Optical Emission Spectroscopy-Based Tomography for Compact Low-Pressure Microwave Plasma in a Multicusp

Abstract

Microwave-induced argon and hydrogen plasmas confined in a compact multicusp (MC) are studied in the pressure range of 0.2–2 mtorr and at microwave powers of 216–324 W. Plasma parameters such as electron temperature ( $\text{T}_{\text{e}}$ ) and density ( $\text{N}_{\text{e}}$ ) are evaluated using optical emission spectroscopy (OES) and Langmuir probe (LP) measurements. The estimated $\text{T}_{\text{e}}$ and $\text{N}_{\text{e}}$ from OES measurements lie in the range of 5–13 eV and $0.6 \times 10^{\mathrm {{10}}}$ – $4.0 \times 10^{\mathrm {{10}}}$ cm $^{-\mathrm {{3}}}$ , respectively, for the Ar and H2 plasmas, and are comparable to the values obtained from the LP measurements.

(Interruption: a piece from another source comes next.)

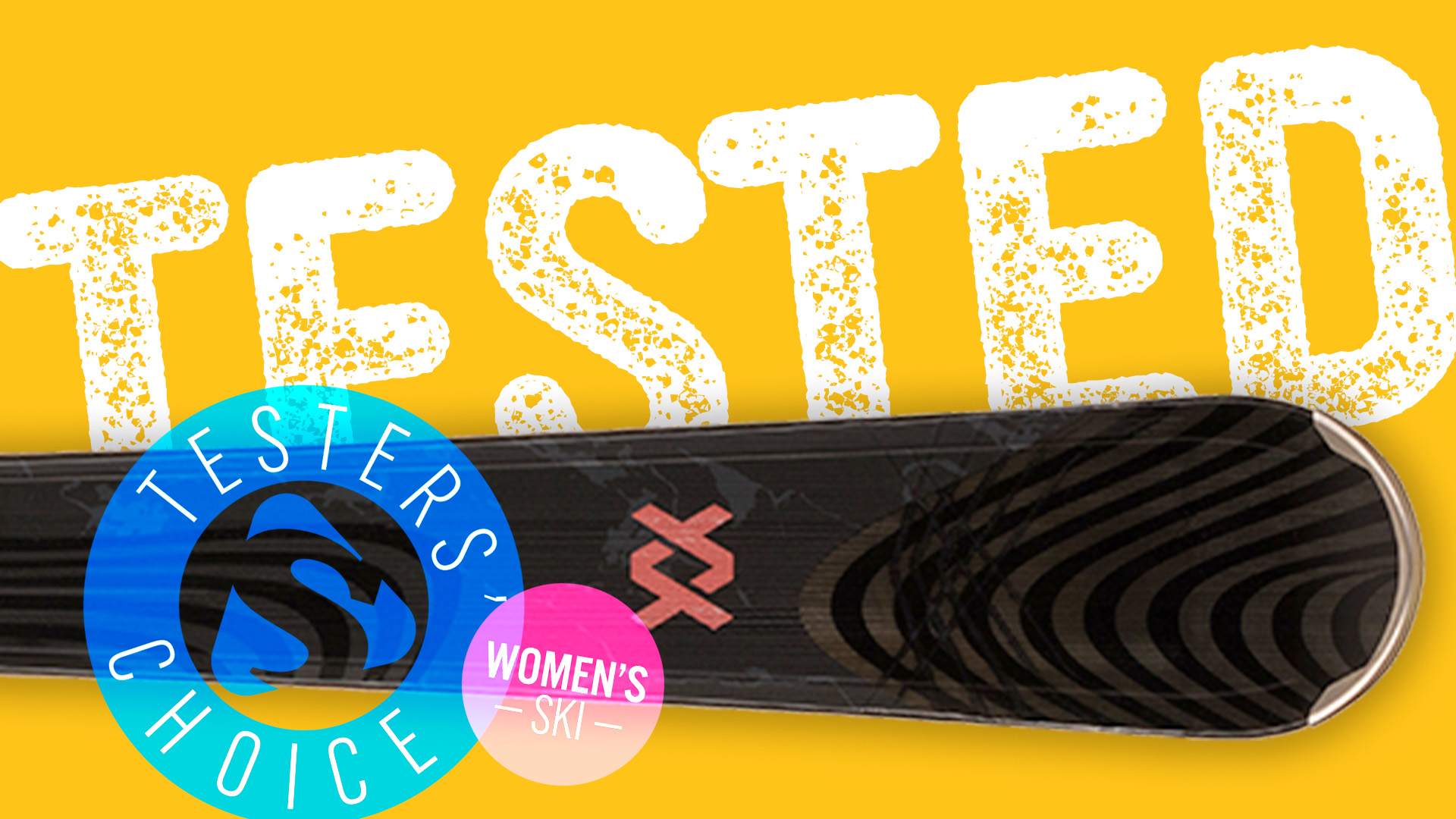 Close-up of the Völkl Flair SC Carbon women’s ski tip with Testers’ Choice badge.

The objective of this paper is to develop an emission tomographic measurement system for plasma confined in a compact MC. In general, OES is carried out to determine the wavelength of the most intense emitted light from the plasma, which is then applied to design the tomographic system to finally obtain a 2-D emission profile of light from the whole plasma cross section. Tomographic reconstruction of the plasma emission indicates two bright rings, one at the core and another near the plasma boundary, which are influenced by higher electron density at the core region and higher electron temperature near the electron cyclotron resonance zone.